Your beautiful description of parties-as-tactics helped me see one more reason why I was feeling so strongly tugged in your-all’s direction last year – “street party as militancy” is how I was raised, in queer politics. I read your letter and I smacked my forehead. Pride! Raggedy, less-emulsifed Pride. Robin S. Feeling curious about how the cops who’d been paid to watch over us that day would behave when it wasn’t Sunday.

I was also reminded how deeply a certain arc of queer politics in the Anglophone world since World War II has shaped how I feel historical time. I say “reminded” because the domestication of queer politics, and the loss of its utopian impulses except inside the academy, have left me feeling cut adrift from the political dreams I grew up with, coming out in the late 80s, which were linked to poetry. Like Adrienne Rich’s 21 Love Poems, with their sense that a single love-relationship could mark the beginning of a new era, a sexual Germinal, and retroactively re-write all the sonnets ever written.

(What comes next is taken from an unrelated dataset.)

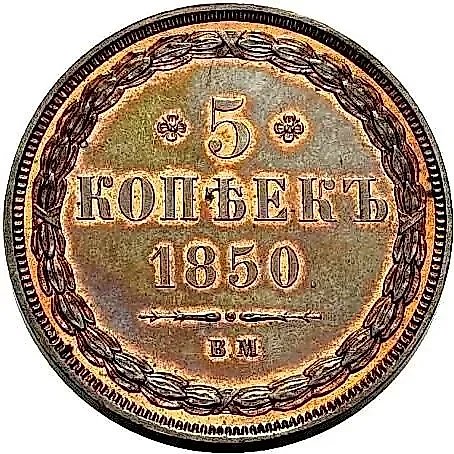 5 Kopeks 1850, WM — 1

Or like the manifestos of the first wave of the AIDS epidemic, which I read as poems: found ferocity in the midst of a harrow. There were nights at clubs where you really felt like people were dancing for their lives.

Even so: much in the way you don’t believe in the materiality of the signifier, I’ve never been able to get behind the idea of “biopolitics.” This is mostly because in the French context of its conceptualization, “biopolitics” has always been offered as a supplement or a chastisement of the idea that class politics are the real politics. But I’ve never taken Marx to be saying that class politics trump other politics, and so the so there! biopolitical theories direct at Marxism has always seemed to me beside the point: one more excuse not to think about political economy. I’m even less excited about theorizing the “post-human,” for the same reason. For me, Latourian theories of the agency of objects, and Spinozan monisms that emphasize our interconnectedness, while obviously correct – and even beautiful – as far as they go, blow up into an ethics of humility whose organizing claim is that human species-arrogance is destroying the planet. Which doesn’t seem like the problem. Isn’t it rich people who are destroying the planet?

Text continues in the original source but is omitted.